#### Assignment
Beginning with the line that holds "107 Seabiscuit Ct, Elizabethtown, KY 42701" and ending with the last line below, repeat each line exactly, leaving any pictures out.

#### Entries shown
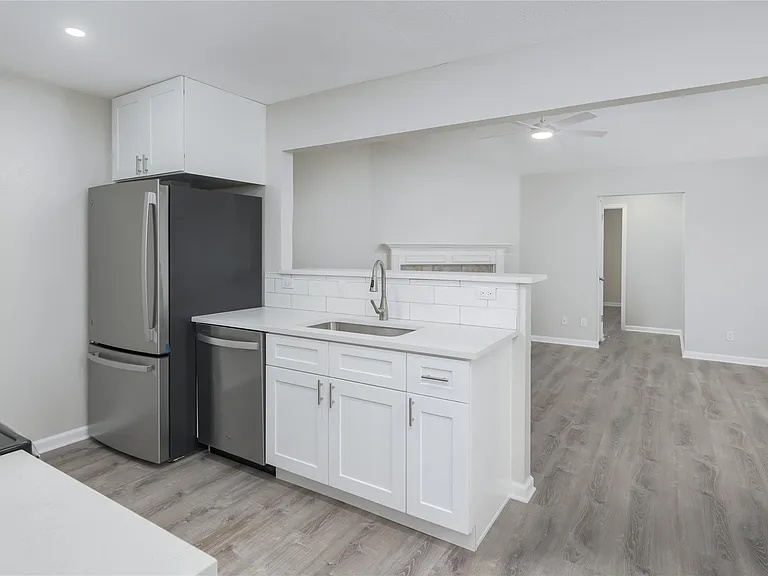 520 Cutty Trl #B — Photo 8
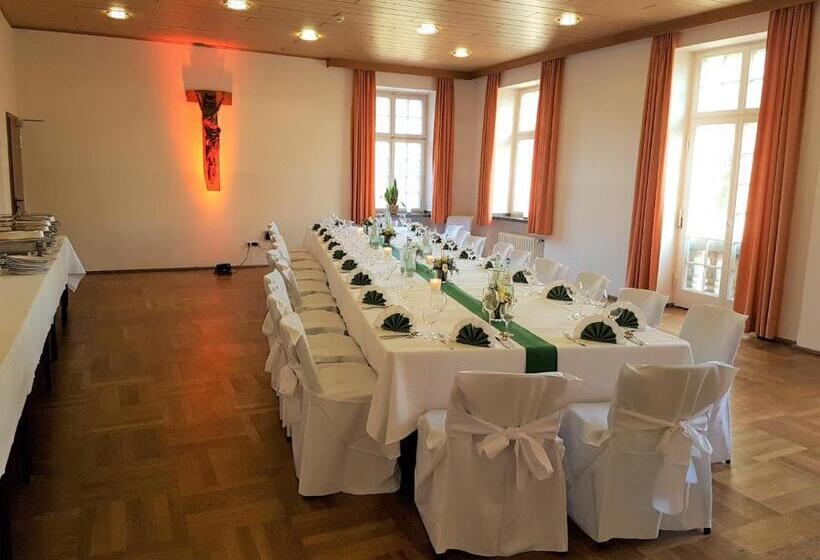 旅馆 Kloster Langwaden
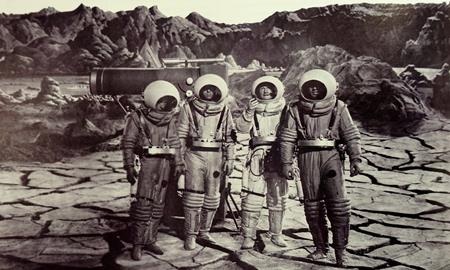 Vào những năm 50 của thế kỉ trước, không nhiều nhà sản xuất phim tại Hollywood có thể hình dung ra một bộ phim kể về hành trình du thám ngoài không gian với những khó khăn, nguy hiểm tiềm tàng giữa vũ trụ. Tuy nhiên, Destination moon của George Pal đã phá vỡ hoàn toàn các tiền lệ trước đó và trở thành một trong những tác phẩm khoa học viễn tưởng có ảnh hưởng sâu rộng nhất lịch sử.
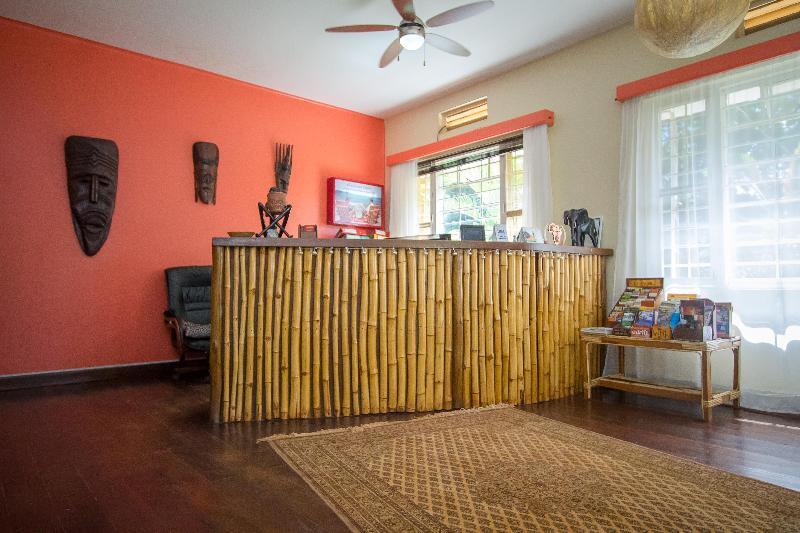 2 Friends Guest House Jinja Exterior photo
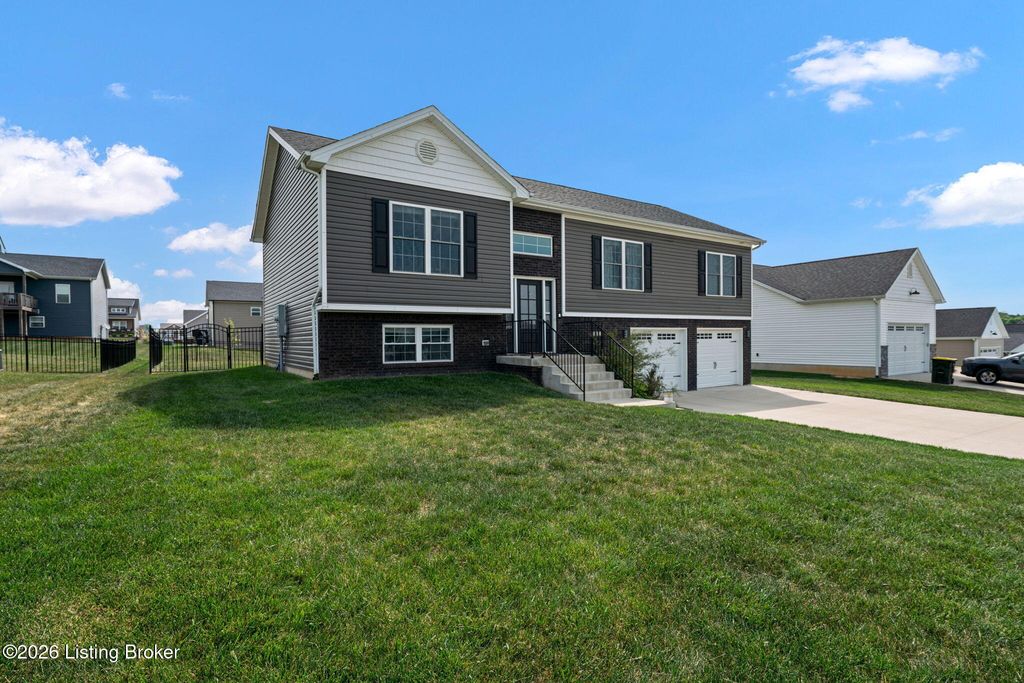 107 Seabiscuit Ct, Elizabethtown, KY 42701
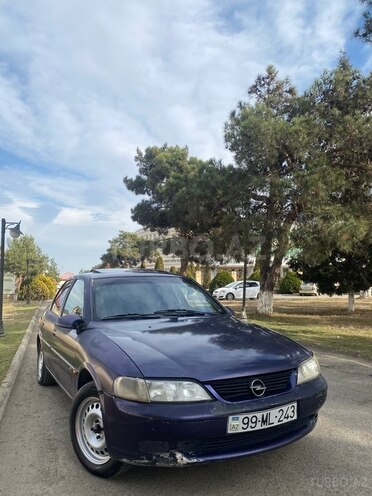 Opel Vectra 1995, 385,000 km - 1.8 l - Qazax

#### Reply
 107 Seabiscuit Ct, Elizabethtown, KY 42701
 Opel Vectra 1995, 385,000 km - 1.8 l - Qazax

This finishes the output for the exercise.